Excerpted from Mr. Ben’s ‘Wake Up, Dream boy’ novel piece, “Stories are accounts of situations and events, involving the entirety of mankind, plants and animals, living and non-existing entities, in real and fabricated or make-believe forms, which are meant to be communicated in the form of writing, oral statements, verbal expressions, signs and symbols and other known and unknown methodologies, to targeted and general audiences with the intention to entertain, create debates and discussions, mesmerize, cause tears of joy and excruciation and enlightenment.”, the purposes of writing a good story can be expressed.

First and foremost, a well-written story is to entertain the reader. A story is that literary substance which should keep the reader spell-bound, from its beginning to the end. Interesting short stories, novel books and children-based storybooks are examples of stories that can keep the reader glued to his seat, perusing all of their contents. Seldom, well-written-out stories are used in movie adaptations and tele-plays. Lord of the Rings, The Roots and Harry Porter are typical examples of well-written stories that could be used in movie adaptation. In fact, a written story is to give readers or targeted audiences pleasure and in a way, enable them imagine clearly (as in motion pictures) the things being read.

Second, a written story contains a message or information that creates a controversy. Not necessarily tailored towards public image destruction, a well-written story should contain interests which ought to create debatable discussions on issues of interests. In a constructive manner, written stories give room for participation of concerned individuals to make known their stance on the matter in order to reach a theoretical concession. Take for instance: a written story of religious conflicts between an Afghan and a Jewish American in Pakistan. We should anticipate a great number of reactions from the Christian and Islamic strong holds. Controversies, debates and discussions on this interest become the order of the day because of the story. However, such a story should make available rooms for constructive criticisms and peaceful embrace of emerged controversies to reach a theoretical concession, at least.

Third, the mesmerizing undertones, tear-causing effects of tears of joy and excruciation underscore one of the purposes of a well-written story. The ability to ‘hypnotize’ an individual reader is the power behind a well-written story. Dan Brown’s ‘The Da Vinci Code’ is a book that can subconsciously control the mind of the reader. A written story should contain something that will cause the reader to shed tears, either in pain or joy. Of course, we all know that there are certain books we read that make us shed tears of joy and or pain.
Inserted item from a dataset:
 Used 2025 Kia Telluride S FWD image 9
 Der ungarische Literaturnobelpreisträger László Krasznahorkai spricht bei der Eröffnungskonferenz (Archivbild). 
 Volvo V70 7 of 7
Lastly, a written story is to enlighten people. Events from around the world written educate equip readers with information that would ordinarily be quite impossible to get. For instance, the items of news stories on happening around the world enlighten viewers (analogous readers) on what is going on. Articles, newspaper magazine and other media outfits convey written stories to help readers gain certain knowledge about things they are familiar with and introduce them to certain facts they do not know about.